Read more about trials of risdiplam and any updates, including information about access in the UK in our Risdiplam section >
SRK-015 / Apitegromab is a muscle-directed therapy that aims to reverse or restrict the muscle atrophy and weakness experienced by SMA patients. The drug is an antibody that very specifically targets an important protein called myostatin. Myostatin is naturally present in our muscles, where it plays an important role in limiting muscle growth. By inhibiting myostatin function, Apitegromab can potentially release the breaks on muscle cell growth leading to an increase in muscle size and function. If this is successful, this could benefit people who have SMA.
Read more about trials and any updates, including information about access in the UK >
GYM329 is an investigational anti-myostatin antibody that is designed to target skeletal muscles (i.e., those used for voluntary movement), potentially increasing their size and growth. Myostatin plays an important role in the regulation of skeletal muscle size by controlling growth. Inhibiting myostatin may help muscles grow in size and strength. GYM329 in combination with risdiplam, which is designed to increase the amount of SMN protein throughout the body, has the potential to further improve motor function and outcomes for people living with SMA Type 2.
Read more, including information about proposed access in the UK >
Taldefgrobep alfa is a protein designed to bind to and inhibit the function of myostatin. Myostatin is naturally present in our muscles, where it plays an important role in limiting muscle growth. By inhibiting myostatin function, taldefgrobep alfa can potentially release the breaks on muscle cell growth leading to an increase in muscle size and function. If this is successful, this could benefit people who have SMA.
Read more, including information about proposed access in the UK >
NMD670 is an orally-bioavailable, small molecule that specifically targets a protein called ClC-1 that is found almost exclusively on the surface of muscles cells.

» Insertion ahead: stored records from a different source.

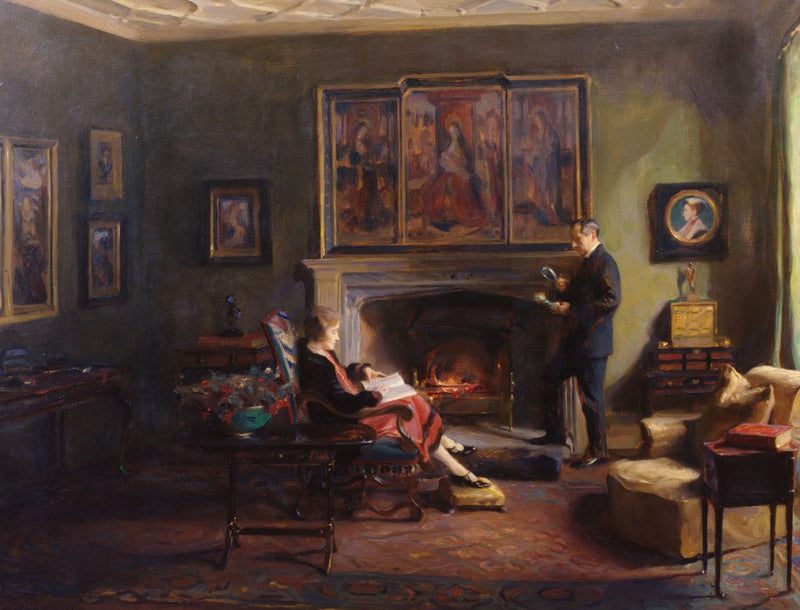 Interno con il visconte e la viscontessa Lee di Fareham - Philip de Laszlo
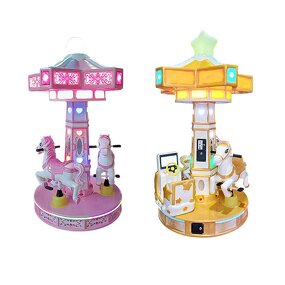 Carousel Ride Manufacturer - Fiberglass 3 Seats Kids Merry Go Round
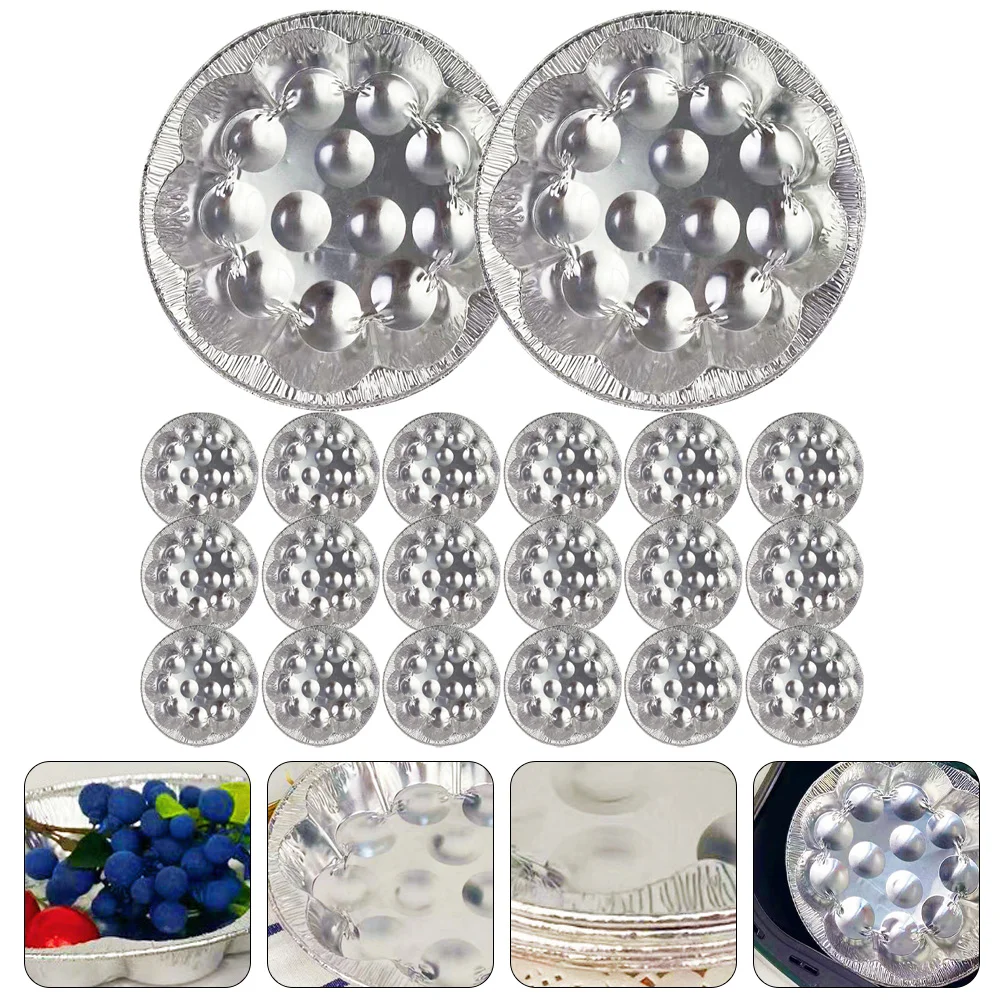 

Escargot Baking Dishes Escargot Tinfoil Trays Snail Tinfoil Pans Tin Paper Baking Plate Resistant Roast Ball Tin Paper Box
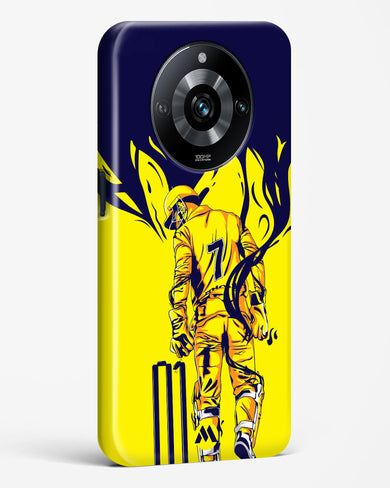 MS Dhoni Greatest Finisher Hard Case Phone Cover-(Realme)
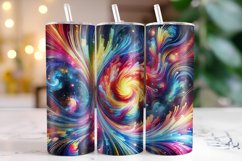 Abstract 20oz Tumbler Wrap Sublimation Product Image 1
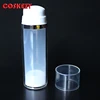 Transparent 30ml 50ml 100ml Double Layer Empty Plastic Cosmetic Package Airless Bottle Pump Lotion Bottle Airless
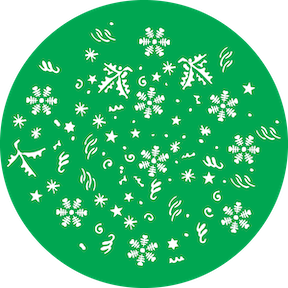 82953 Winter Party Green - Rosco Colour Glass Gobo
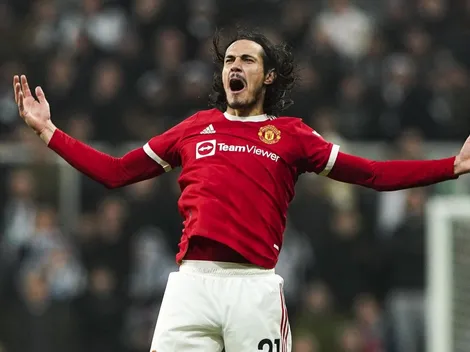 Cavani entró en el complemento y rescató un punto para Manchester United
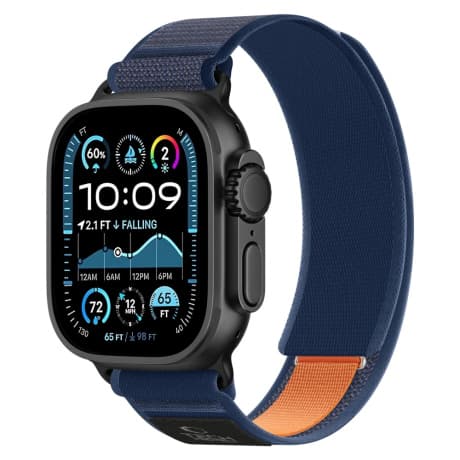 Tech-Protect Nylon Elite remienok na Apple Watch 44/45/46/49mm, navy / orange
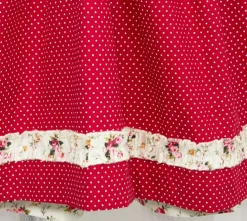 MADDOX Kinder Dirndl "Zermatt" 3-tlg. | Streublümchen Creme Rot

The function of ClC-1 is to dampen the excitability of muscles and prevent them from becoming overstimulated. By inhibiting ClC-1 function, NMD670 can increase and improve the passage of signals from motor neurons to muscles, which can increase how easily muscles are able to contract.
NMD670 is being tested in a phase 2, randomised, double-blind, placebo-controlled study in 50 ambulatory participants with SMA Type 3 that is estimated to be completed in late 2024.